# Aires Etiquette



## gaznic (May 20, 2009)

Last year i used an Aire for the first time. The Aire in question is in Cap D'Agde in the south of france. I only used it to park for an hour or so while we walked around the harbour. I wasn't sure what to do so i paid the 10 euros at the machine. 

We are back in the area again in a few weeks and am still not sure of the proper etiquette when it comes to using Aires.

By the way its not that we have anything against Aires is just that having teenagers in tow. We tend to use the big commercial sites at the moment. 

If any one can suggest a better place to park in Cap D'Agde and anywhere in Beziers i would be grateful.

Thanks Gaz

8O


----------



## geraldandannie (Jun 4, 2006)

Hi Gaz

Our campsite database has about a dozen spots in the Beziers general area.

You can navigate there using the map:

http://www.motorhomefacts.com/modules.php?name=Campsites&file=map

Gerald

_Edit: I've just noticed you're not a subscriber. I think the campsite database is only available to subscribers (£10 / yr , click http://www.motorhomefacts.com/subs.html ) _

Gerald


----------



## fatbuddha (Aug 7, 2006)

I wouldn't use an Aires to park at unless there was no other form of parking available.
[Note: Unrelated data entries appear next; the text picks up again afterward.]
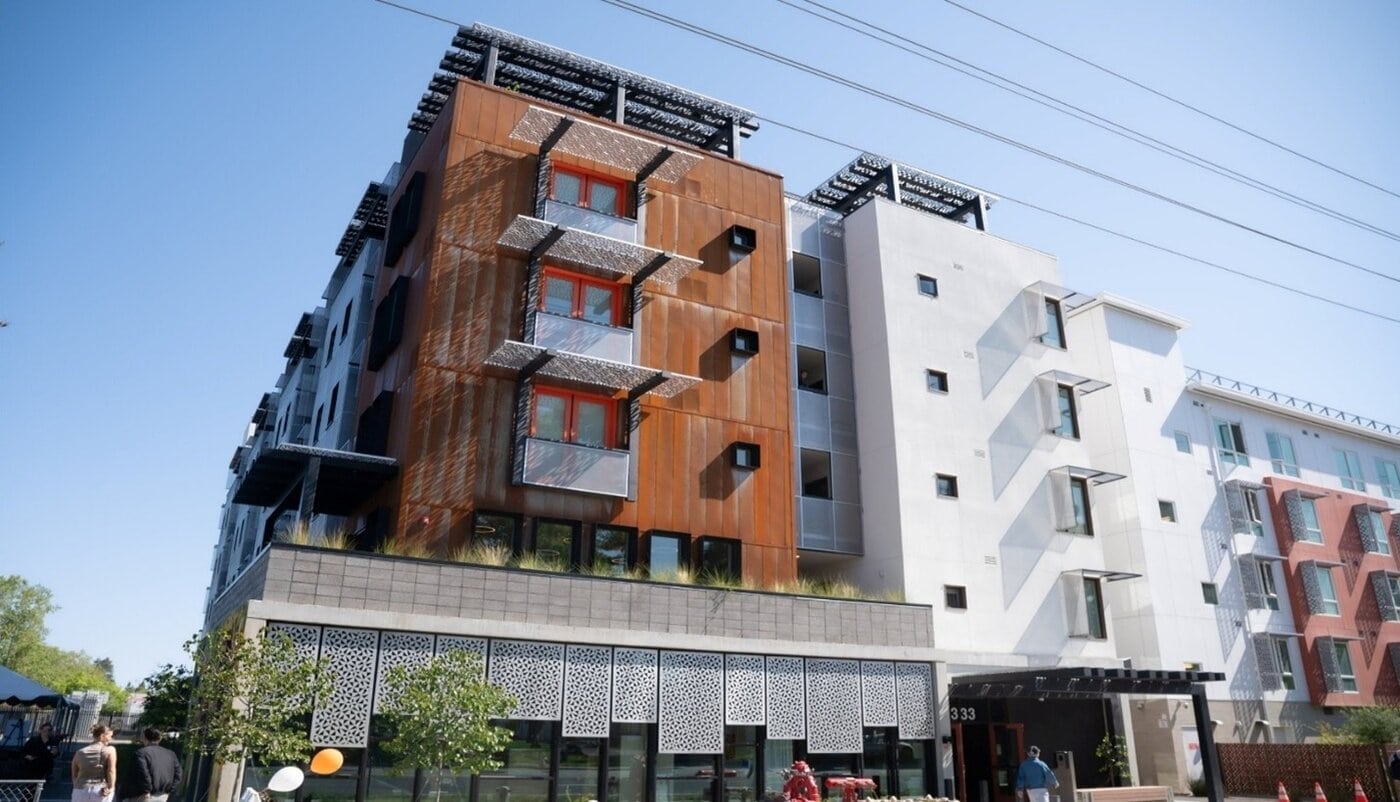 A modern multi-story apartment building with a mix of rust-colored and white facades, metal balconies, large windows, and solar panels on the rooftop, under a clear blue sky.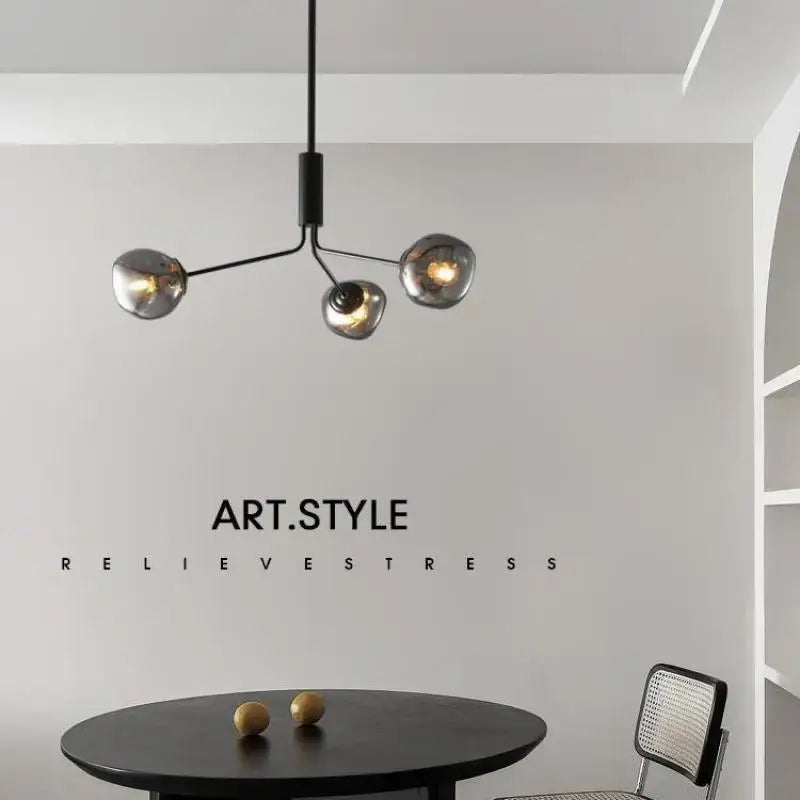 Modern black metal chandelier with three spherical smoked gray lava glass shades for dining room lighting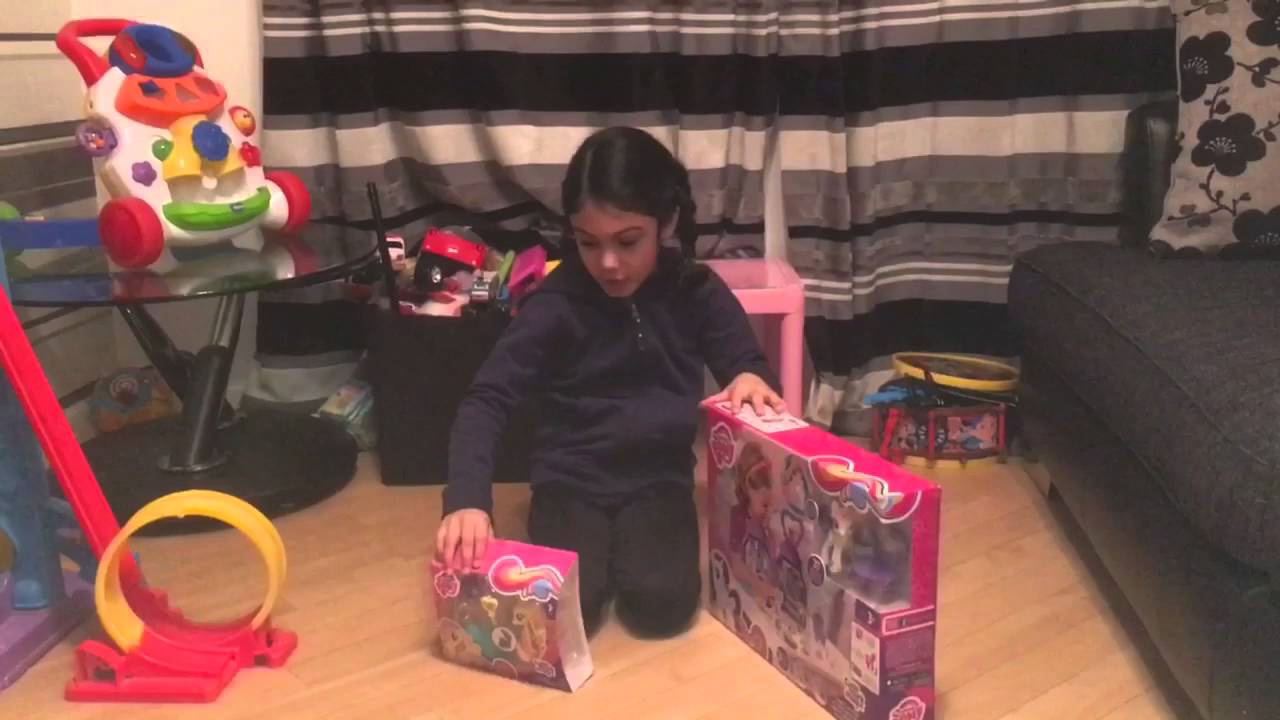 Kid playing with teksta dog and my little pony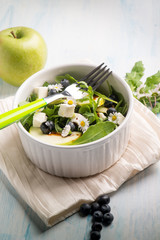 mixed salad with feta apple arugula blueberry and little daisy,selective focus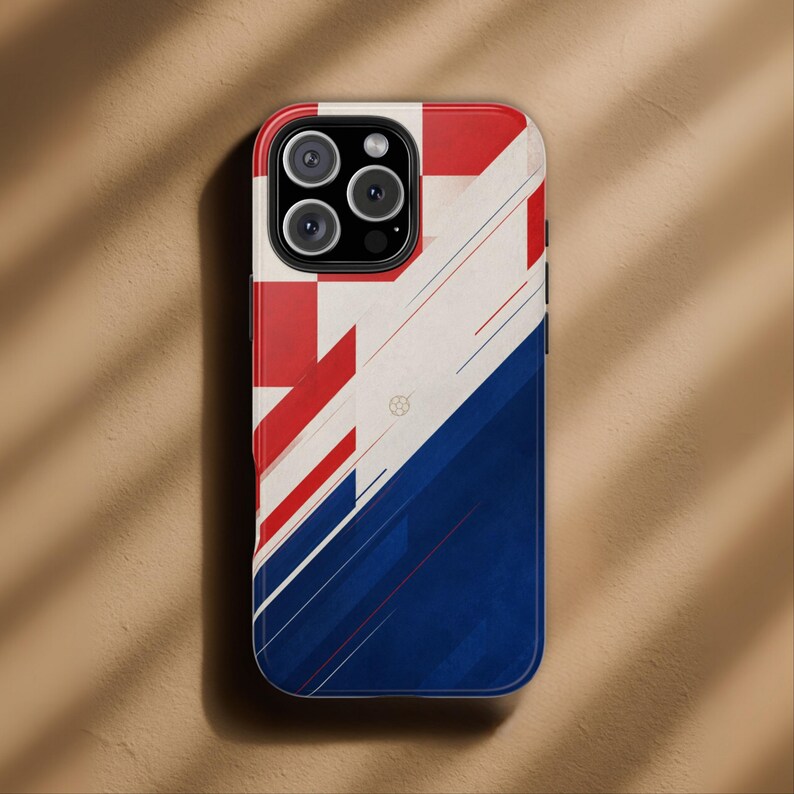May include: A smartphone case with a geometric design in red, white, and blue. The top portion features red and white blocks, while the bottom transitions to a blue gradient. Thin red and blue lines add detail.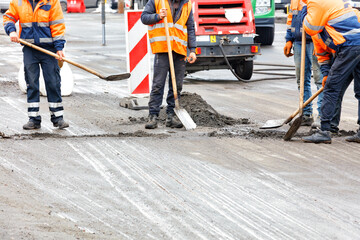 The road workers are cleaning the road on the fenced section of the carriageway.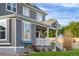 Charming gray two-story home featuring a covered porch, white trim, and manicured landscaping at 9515 E 109Th Cir, Commerce City, CO 80640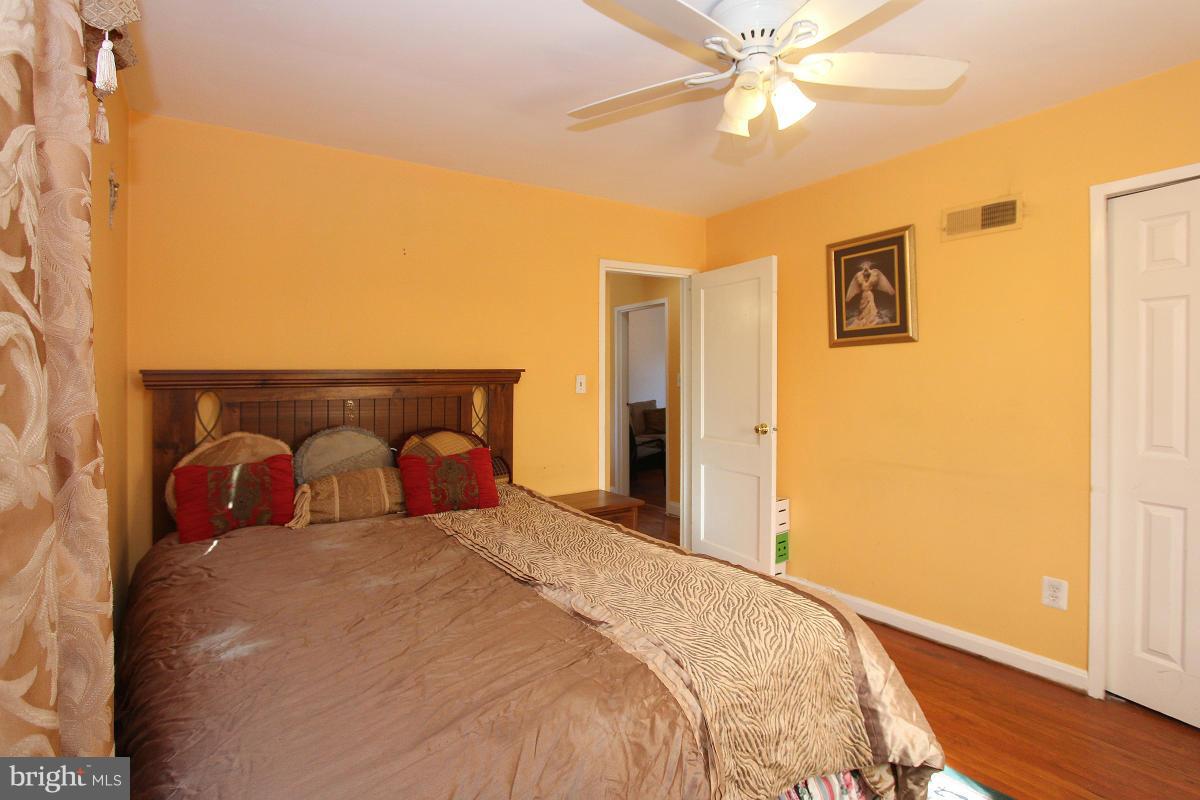 224 University Boulevard East Silver Spring, MD 20901 - Photo 15 of 30 a bedroom with a large bed and a chandelier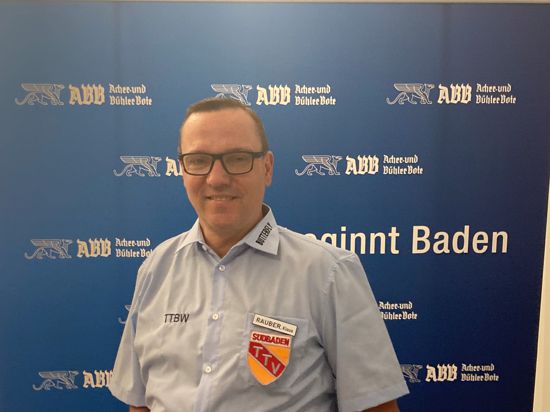 Klaus Rauber steht vor der blauen Werbefläche des ABB.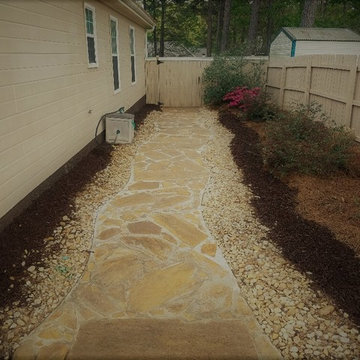 flagstone walkway with new fence and landscape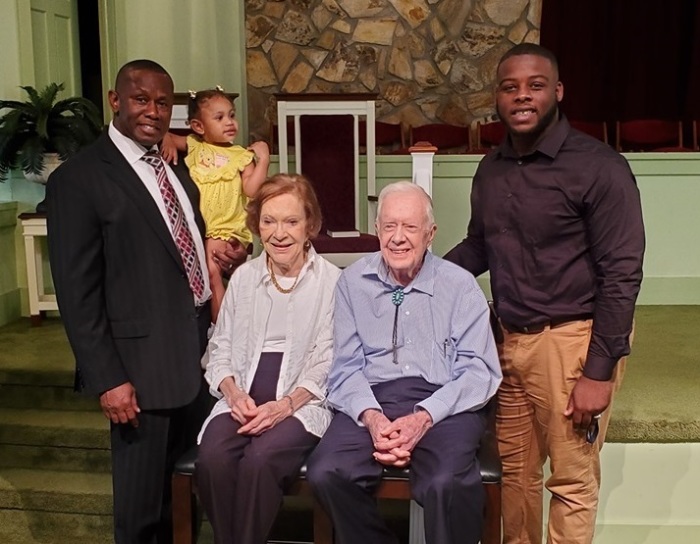 Longtime members of the Maranatha Baptist Church in Plains, Ga., former President Jimmy Carter and his wife Rosalynn Carter (C), poses with the first black pastor of their predominantly white church The Rev. Tony Lowden and his daughter Tabitha (L) as well as another church member, Brandon B. Thomas (R). 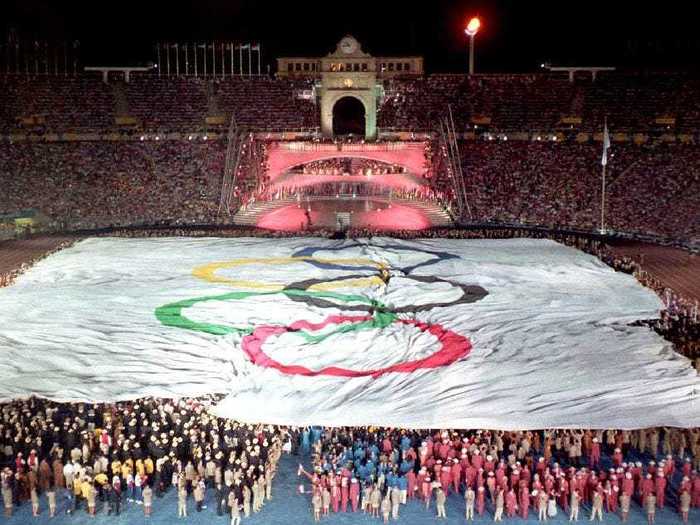 THEN: Barcelona 1992 - A giant Olympic flag covers the pitch during the opening ceremony of the XXVth summer Olympic Games at Montjuic stadium.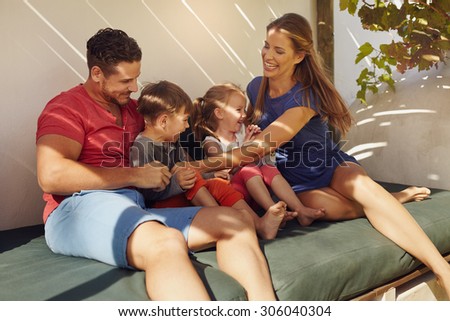 Shot of happy young family sitting together in patio. Couple with their children sitting on couch in backyard having fun.
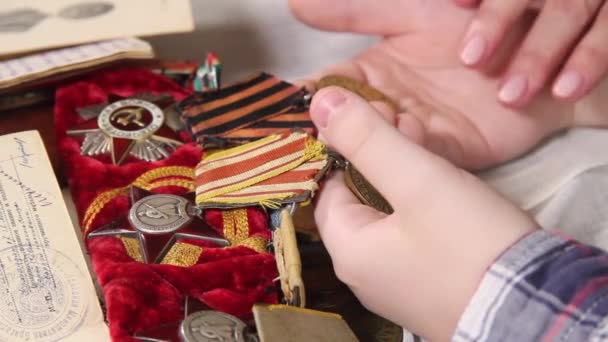 Kvinner og barn går gjennom medaljer fra andre verdenskrig. – stockvideo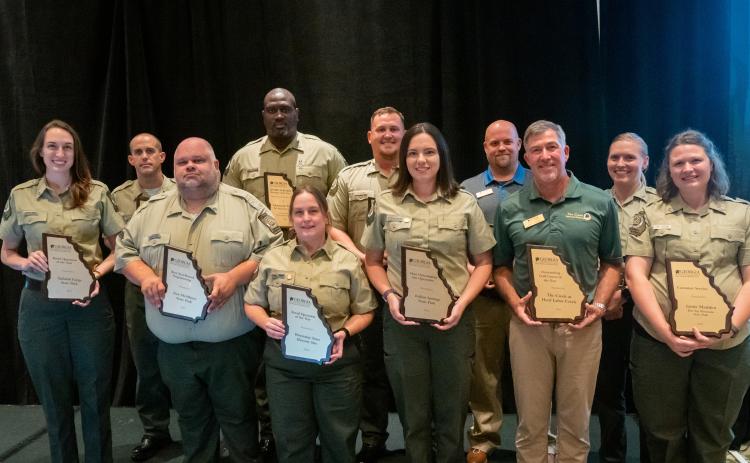 Submitted photo. Pictured are honored park and historic site managers Lieren Merz, Bud Fuller, Jason Carter, Desmond Timmons, Gretchen Greminger, Tyler Sims, Katherine Darsey, Chris Lockwood, Karl Gross, Carol Sanchez and Jamie Madden. Merz (far left) is the manager with Tallulah Gorge State Park and Tallulah Falls, which tied with Wormsloe State Historic Site for the “Retail Award.”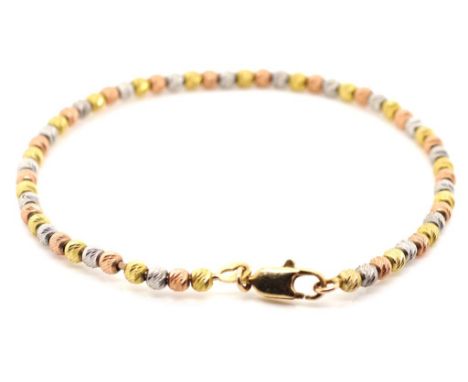 Tri colour 9ct gold beaded bangle white, yellow and red gold beds threaded on a single piece of 0.8mm gauge wire. marked 375 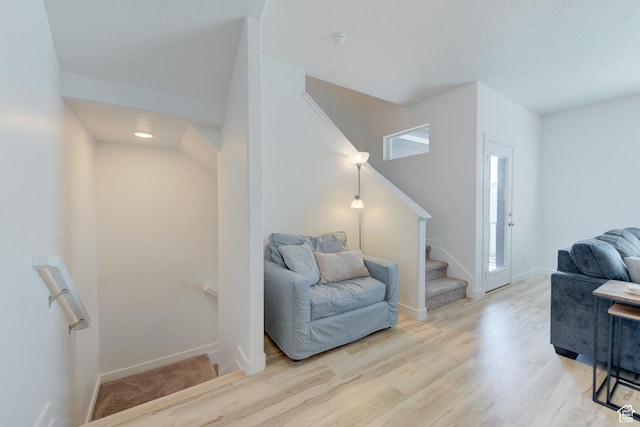 4696 W Talavera Way, Kearns, UT 84118 - living area featuring baseboards, stairway, and wood finished floors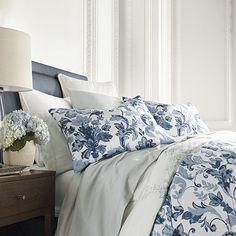 a bed with blue and white comforters in a bedroom next to a night stand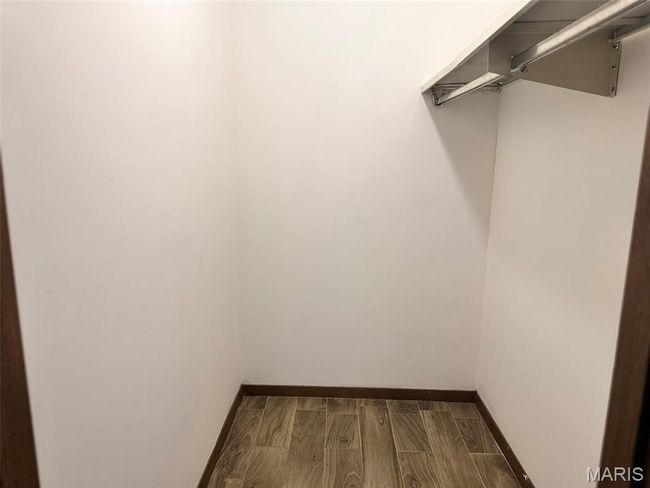 Walk in closet with dark wood-style flooring | Image 7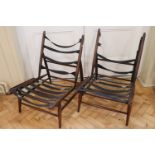 A pair of mid 20th Century Ercol model 427 easy chairs, bearing foil labels, 75 cm high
to me Aires are for overnighting, not for casual parking


----------



## DABurleigh (May 9, 2005)

And some aires are for parking, not overnighting 

Dave


----------



## vicdicdoc (May 14, 2005)

geraldandannie said:


> . . .
> Gerald
> 
> _Edit: I've just noticed you're not a subscriber. I think the campsite database is only available to subscribers (£10 / yr , click http://www.motorhomefacts.com/subs.html ) _
> Gerald


. . . but if you have an iphone, you can download the COMPLETE database search facility application for a mere £2.49p !


----------



## jeanie201 (Apr 22, 2008)

Hi,
Best place to park (daytime) in Beziers is by the flight of locks on the canal de midi (name escapes me but is signed) Parking here is free and you can walk along canal into town.


----------



## Dick1234 (Jun 15, 2008)

Hi Gaz

We went down that area last summer with a 14 and a 10 year old in tow (two boys). Not a single commercial site and much fun. 

There are plenty of places to wild or Aires overnight. We had beach fires and days fishing to be had along with snorkling etc. 

Not sure about the current sitiuation with the Sete Beach Road but it s worth a look. No facilities at all except bins but you could walk out of the van onto the beach all for zero payout. 

There are a a number of Aries south of there close to beaches and towns, my advise is start at Sete with no agenda. Follow the coast road and you will be surprised where Motorhomes are parked. All safe and having much fun.

With some work I can give you some GPS coordinates. But go with the flow as it is agreat area for a chilled out hol.

Regards

Dick


----------



## gaznic (May 20, 2009)

Thanks for the comments guys. Oh and gerald i,ve stopped being a tightwad and subscribed. Very usefull database, thanks. 

i like the sound of the parking at the locks will try to find that.

Thanks all, Gaz


----------



## rayhook (May 15, 2005)

*All the Aires*

Probably trying to teach my grandmother to suck eggs, but I take it you've got 'All the Aires' from Vicarious? Plenty of aires listed and it's easy to understand - and lots of pictures.

Ray


----------



## geraldandannie (Jun 4, 2006)

gaznic said:


> Oh and gerald i,ve stopped being a tightwad and subscribed.


Well done.

Sorry for the somewhat less than subtle hint 

Gerald


----------



## gaznic (May 20, 2009)

No problem gerald, just needed a well timed prod in the right direction.  

Ray, yes i do have the Aires book. But going back to my original query, i wasnt sure if it was ok to use one as a short term car park. also if i did then would i be expected to pay the overnight fee ? When i did this in Cap D'Agde i basically paid 10 euro fro about 2 hours parking.

From the replys here i guess i should really look for alternate short term parking spots. 

Gaz


----------